Hi all,
I'm trying to leverage on the scroll API from my python application.
My python code looks like this:
es = Elasticsearch([{'host': 'elastic', 'port': '9999'}])
data = es.search(index = "index*",
body = query,
scroll = "2m",
size = 1000,
request_timeout = 3000)
sid = data['_scroll_id']
# do something w/ current batch of hits (data) ...
while True:
logging.info(sid)
data = es.scroll(scroll_id=sid, scroll='2m')
scroll_size = len(data['hits']['hits'])
# If no data was collected stop execution
if scroll_size == 0:
break
else:
# do something w/ current batch of hits (data) ...
# Update the scroll ID
sid = data['_scroll_id']
if batch_n % 1000 == 0:
logging.info("Batch: {}".format(batch_n))
The query I run is as follow:
def prep_query(start_date, start_hour, end_date, end_hour):
return """{{
"size": 0,
"query": {{
"bool": {{
"must": [
{{
"match_all": {{}}
}},
{{
"match_phrase": {{
"event": {{
"query": "STREAM"
}}
}}
}},
{{
"range": {{
"ts": {{
"gte": "{0} {1}",
"lte": "{2} {3}",
"format": "yyyy-MM-dd HH:mm:ss.SSS"
}}
}}
}}
],
"must_not": []
}}
}},
"_source": {{
"excludes": []
}}
}}""".format(start_date, start_hour, end_date, end_hour)
I'm getting an error out of this and I'm not sure how to solve it.
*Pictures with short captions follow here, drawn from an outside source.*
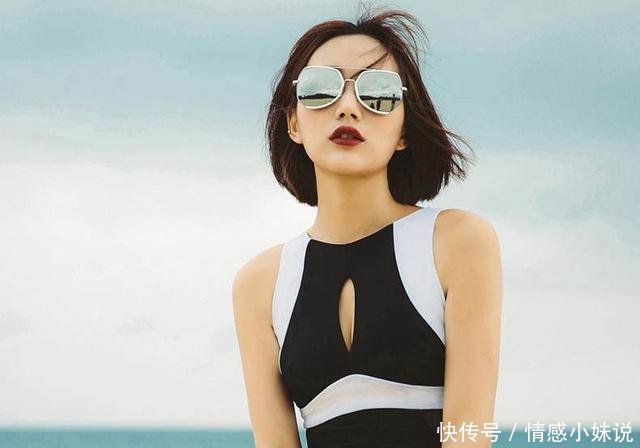 女生穿泳衣还要穿内衣吗看完你就懂了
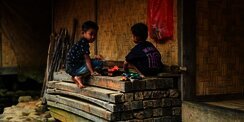 Anak Ditinggal Sendirian saat Masih Kecil, Di Mana Batas Kebebasan dalam Pola Asuh?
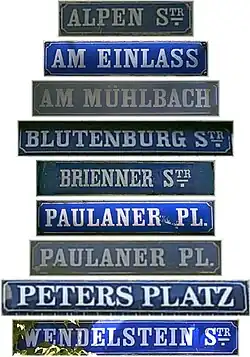 Ausgewählte Schilder in Versalschrift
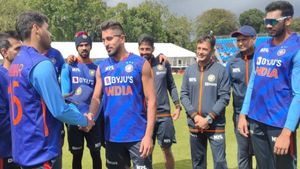 IND vs IRE: കമോണ്‍ ഡ്രാ ഉമ്രാനെ..., പേസ് എക്‌സ്പ്രസിന് അരങ്ങേറ്റം, ആരാധകരും ഹാപ്പി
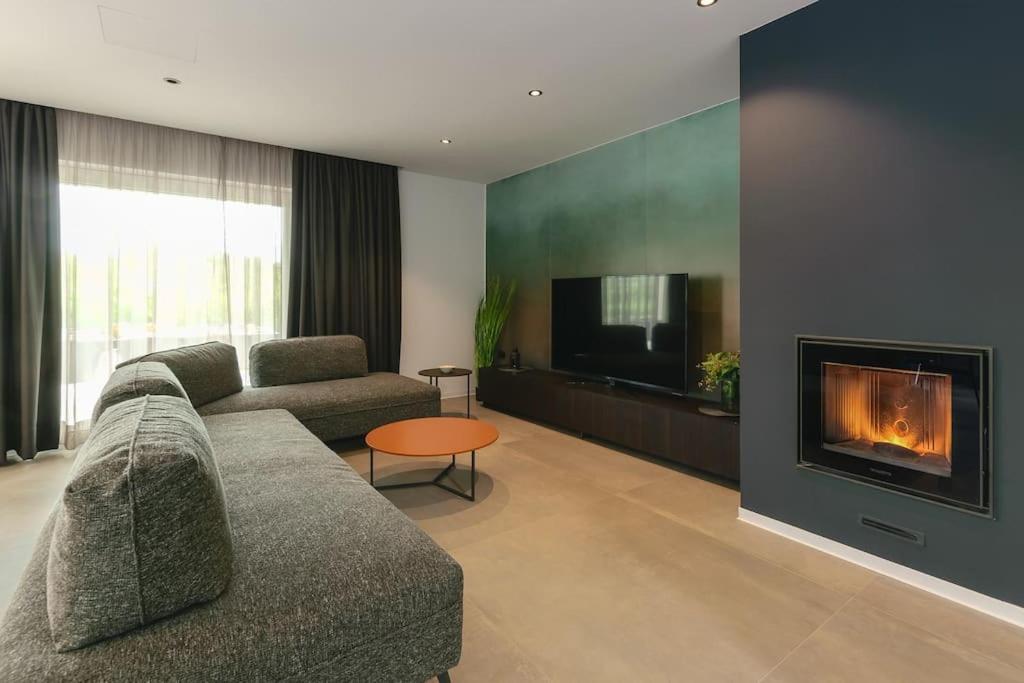 Villa photo 1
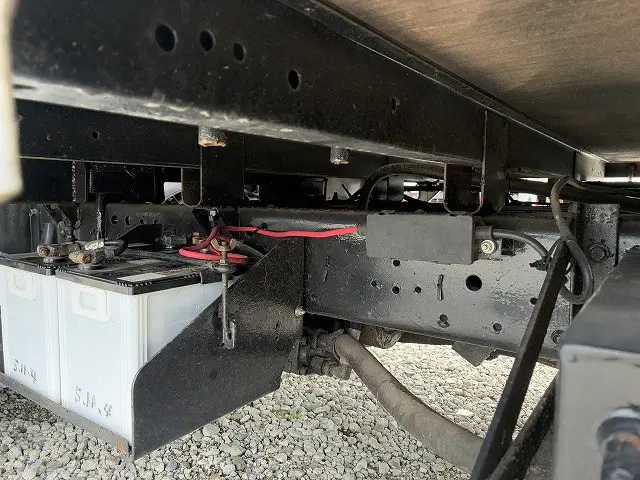 いすゞ エルフ KC-NPR66PR(2WD)の写真44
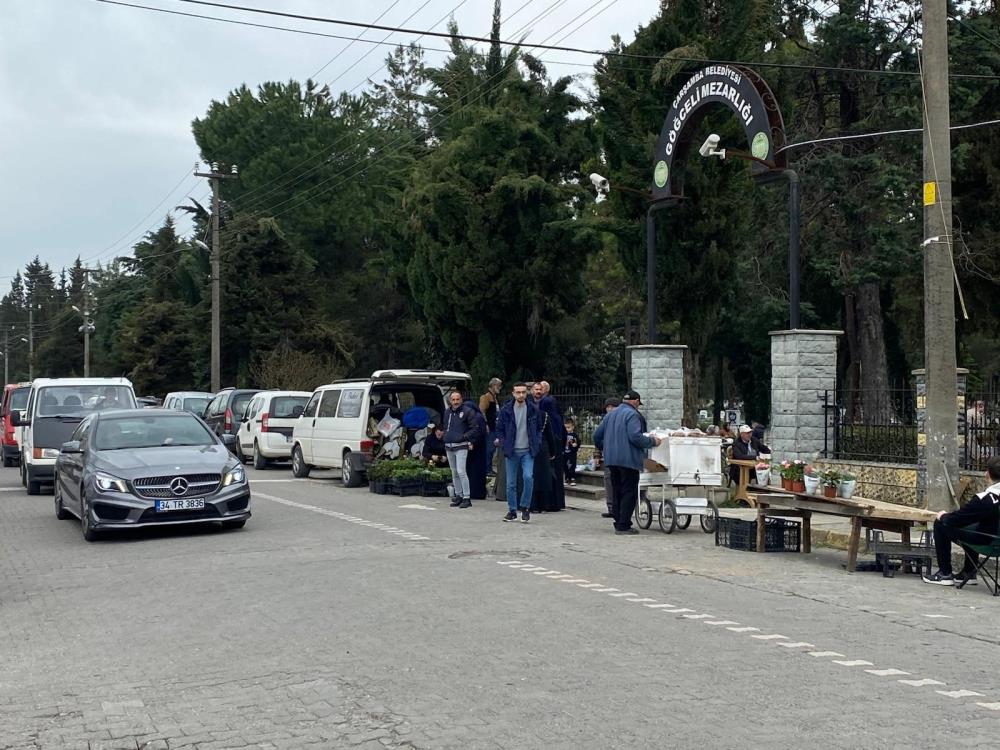 Mezarlik Saldiri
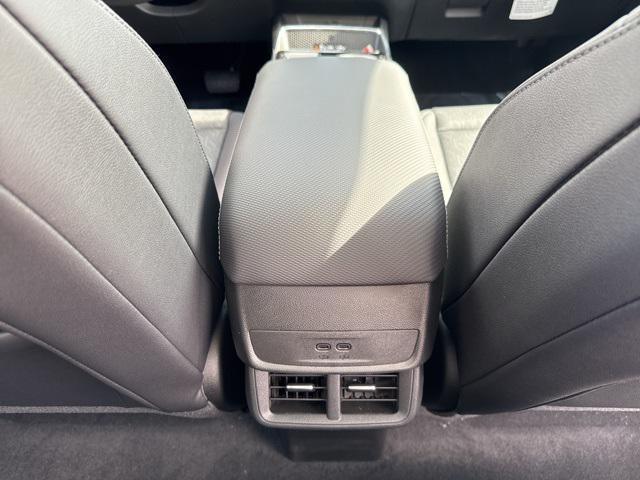 new 2025 Chevrolet Equinox car, priced at $35,490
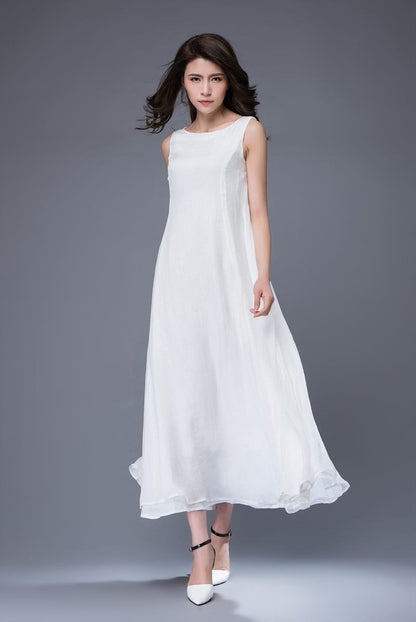 Sleeveless little white dress C879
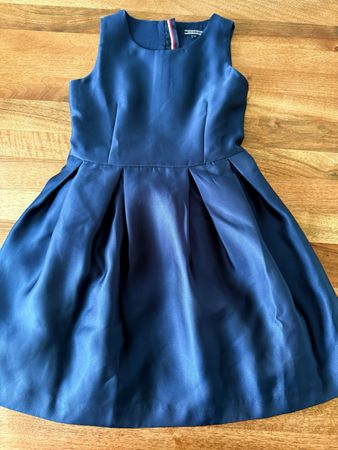 Festliches Tommy Hilfiger Kleid, Gr. 128, Dunkelblau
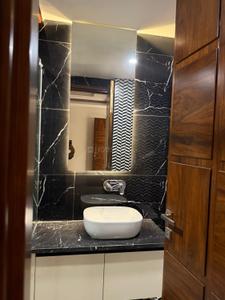 Bathroom Image of 3240 Sq.ft 4 BHK Builder Floor for sale in South City Floors 1, Sector 41 Gurgaon for Rs. 29000000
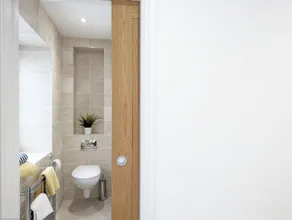 The Hive -  a cottage that sleeps 4 guests  in 2 bedrooms - Image 2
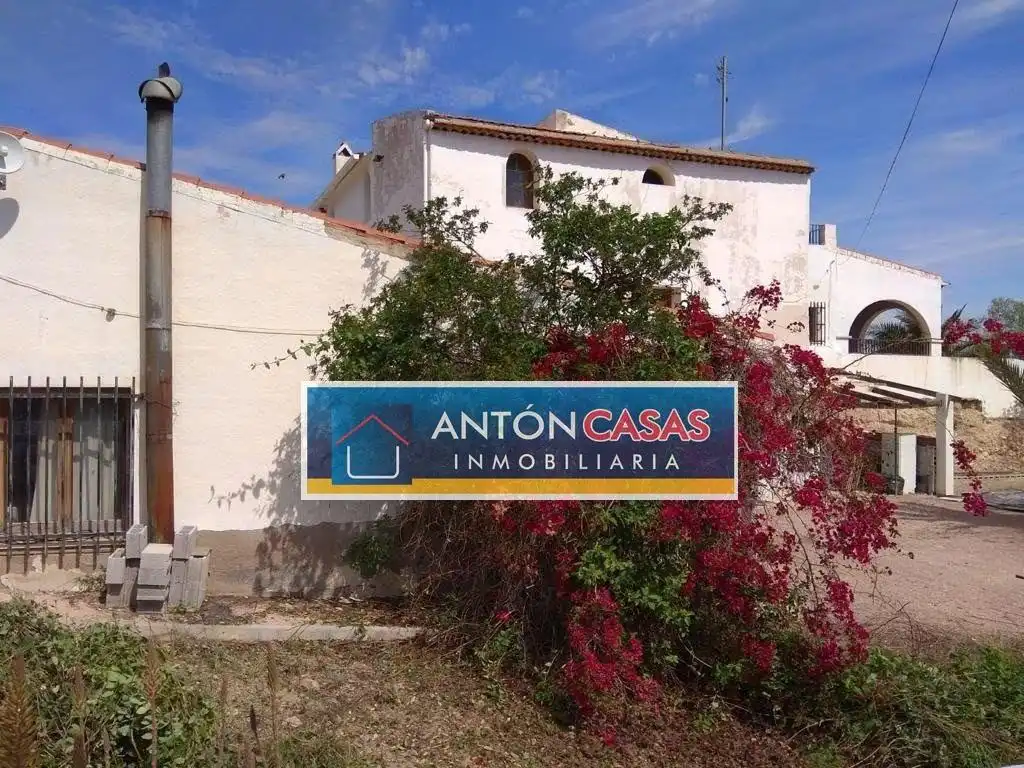Finca rústica en venda a Novelda
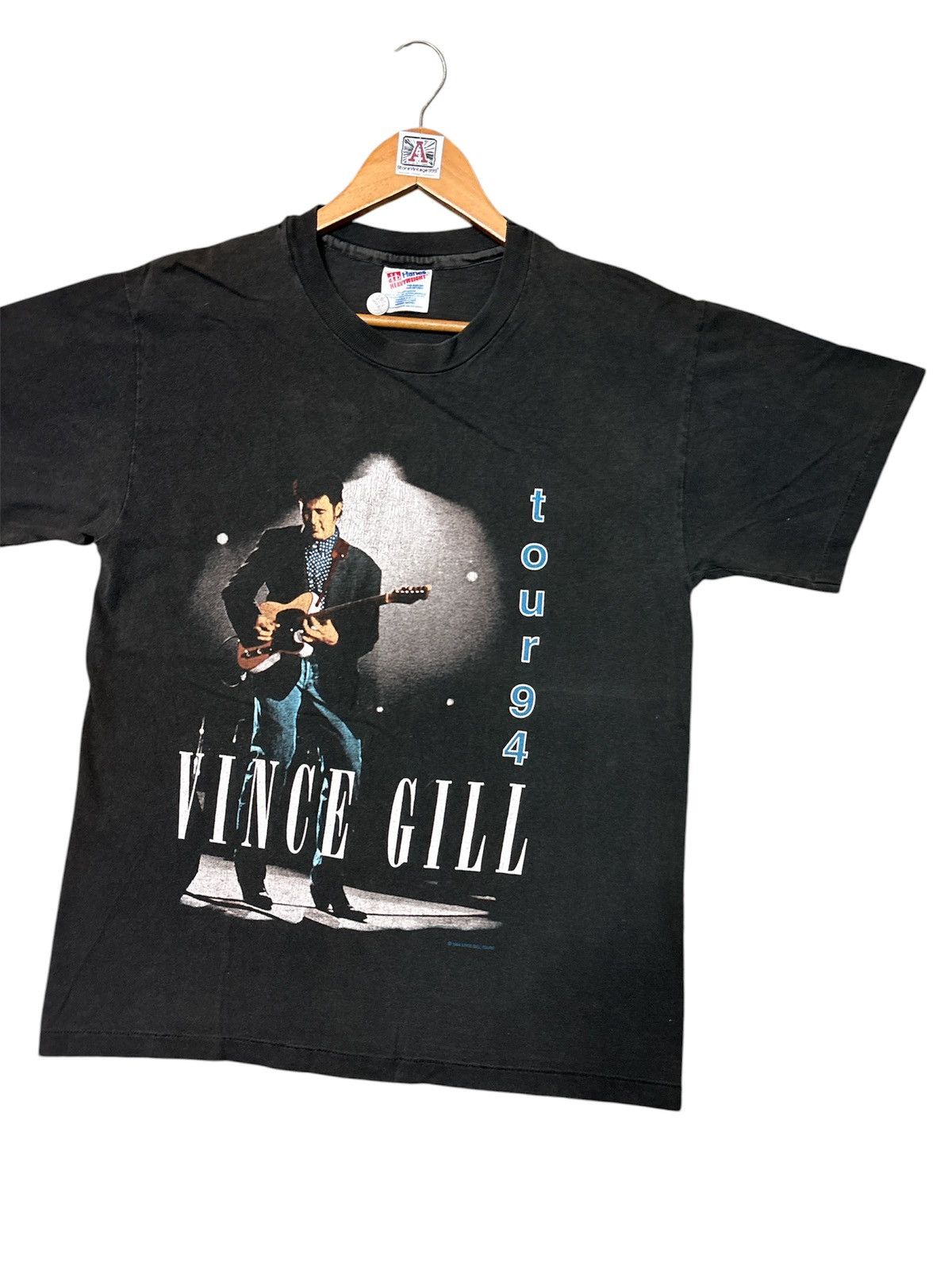 Band Tees ‼️RARE‼️VINTAGE 1994 VINCE GILL TOUR TSHIRT TEE💥 Size US M / EU 48-50 / 2 - 2 Thumbnail
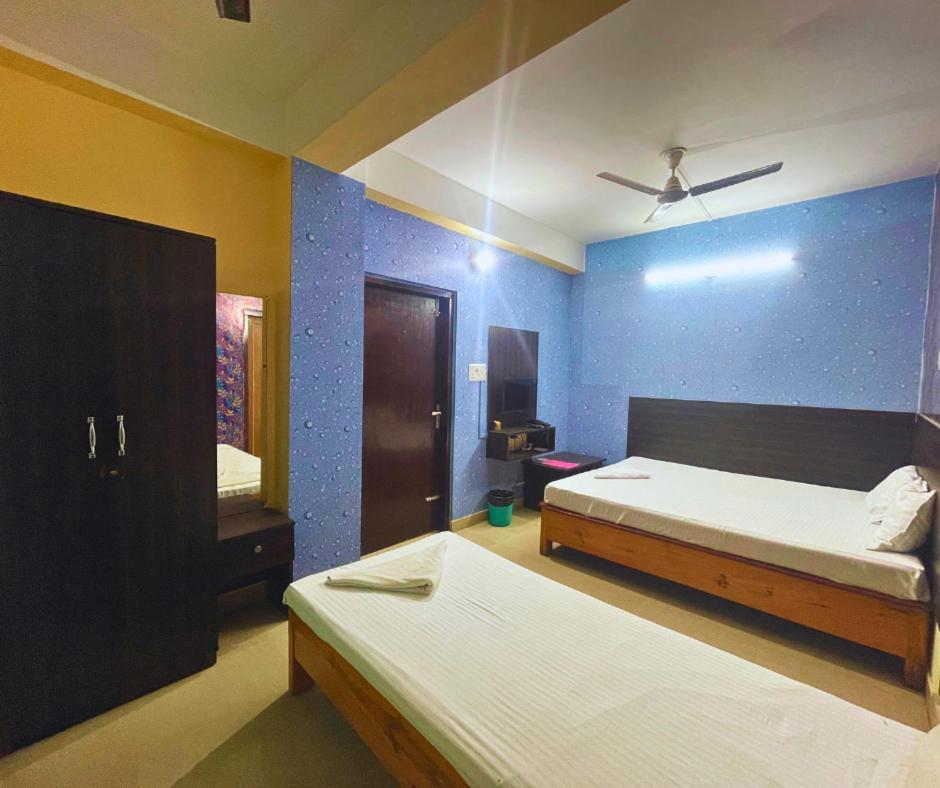 Hotel H K Residency Near Kalakshetra Guwahati Esterno foto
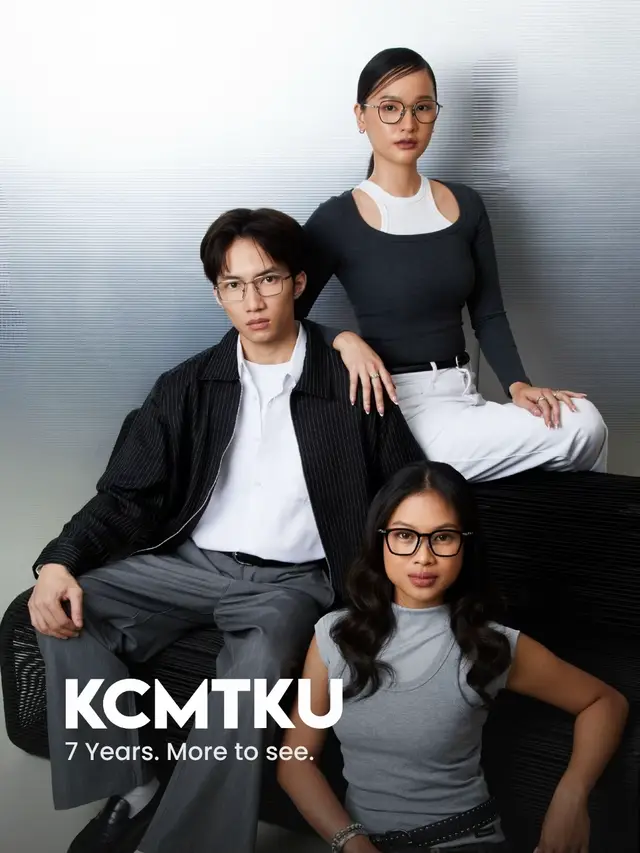 The wait is over — KCMTKU BIGGEST SALE OF THE YEAR IS FINALLY HERE! UP TO 70% OFF* FREE SUNNIES* FRAME START FROM 79K* 18–20 SEPTEMBER  3 days. Big deals. Your next favorite frame is waiting. Don’t just hear about it — come see it for yourself. 📍 Head to your nearest KCMTKU store & shop the anniversary deals! See you in store! *T&C Applied. #KCMTKU #KCMTKUisTurning7 #AutoGlowWithKCMTKU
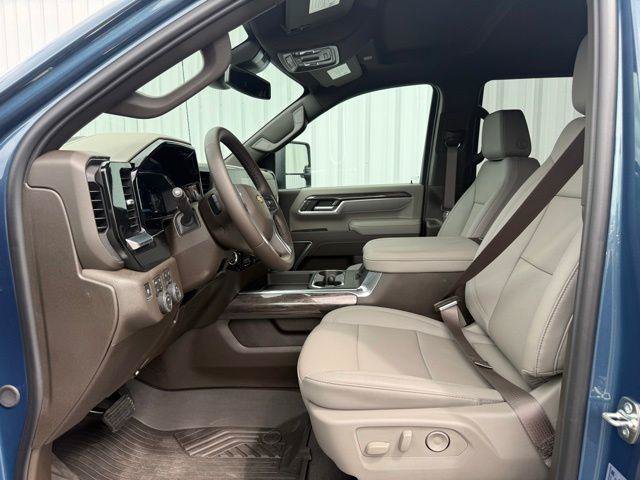 New 2026 Chevrolet Silverado 2500 LTZ w/ LTZ Convenience Package AWD/4WD image 6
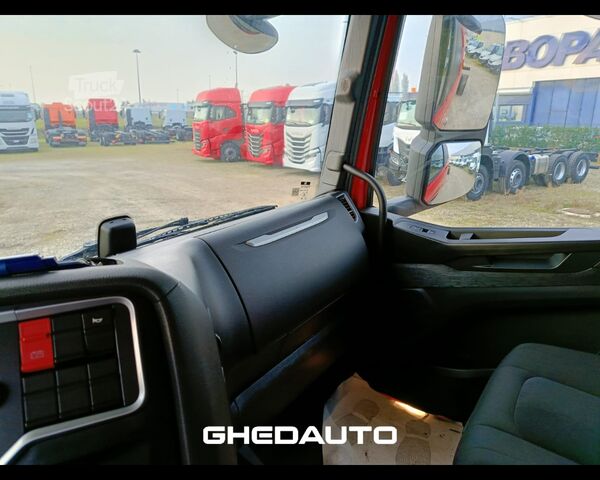 Standard trækkerunit IVECO AS442S42 - AS440S42 S WAY T/FP - TRASFORMATO CARRO 4X2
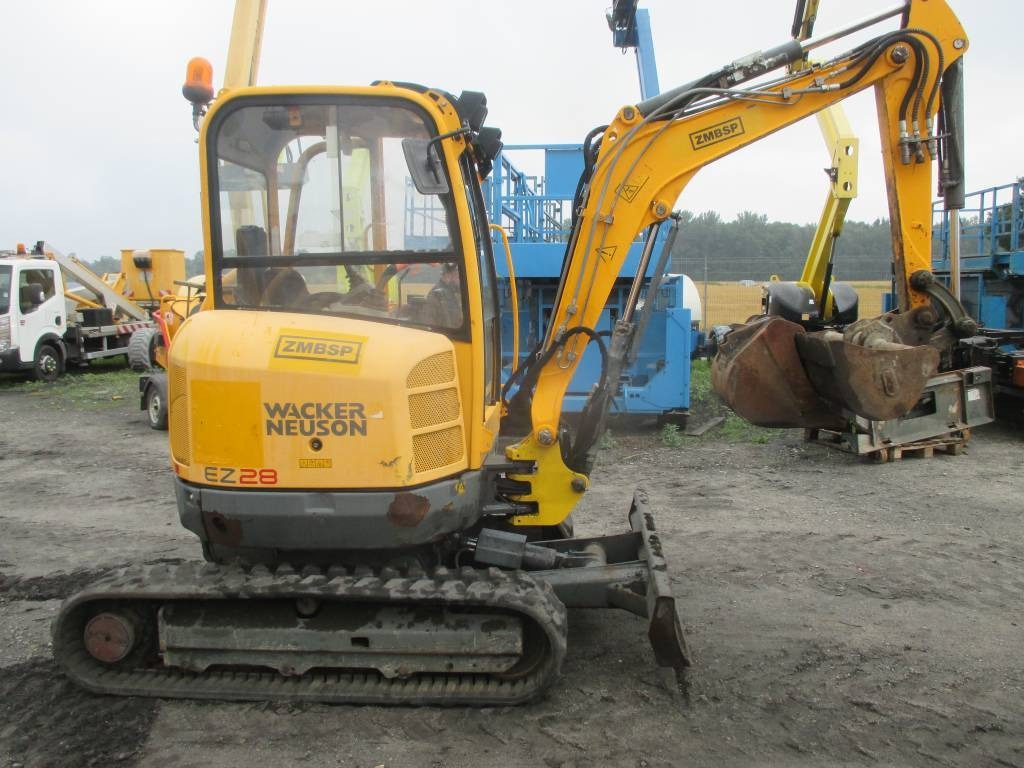 Wacker Neuson EZ 28 - Máy xúc mini: hình 1 Wacker Neuson EZ 28 - Máy xúc mini: hình 1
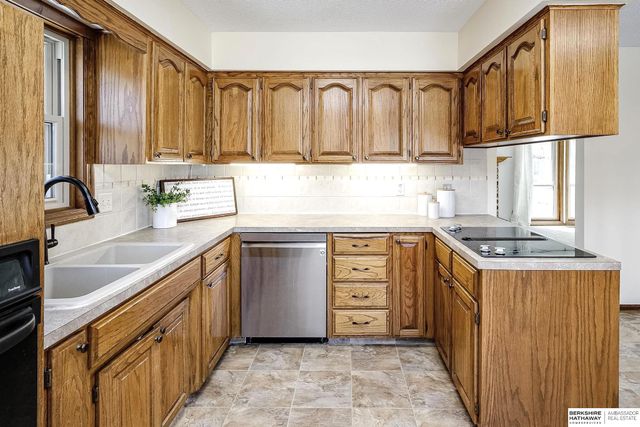 21479 Brentwood Road, Elkhorn, NE 68022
Please also assume that I can't edit elasticsearch conf.
Here's the error:
[2019-07-17 16:08:58,857] {logging_mixin.py:95} INFO - [2019-07-17 16:08:58,856] {base.py:146} WARNING - GET http://elastic01.skytech.local:9200/_search/scroll?scroll=2m&scroll_id=DnF1ZXJ5VGhlb ..(very long hash).. Zad0E%3D [status:400 request:0.002s]
[2019-07-17 16:08:58,857] {__init__.py:1580} ERROR - RequestError(400, 'too_long_frame_exception', 'An HTTP line is larger than 4096 bytes.')
Any help on this? much appreciated! Thanks a lot guys!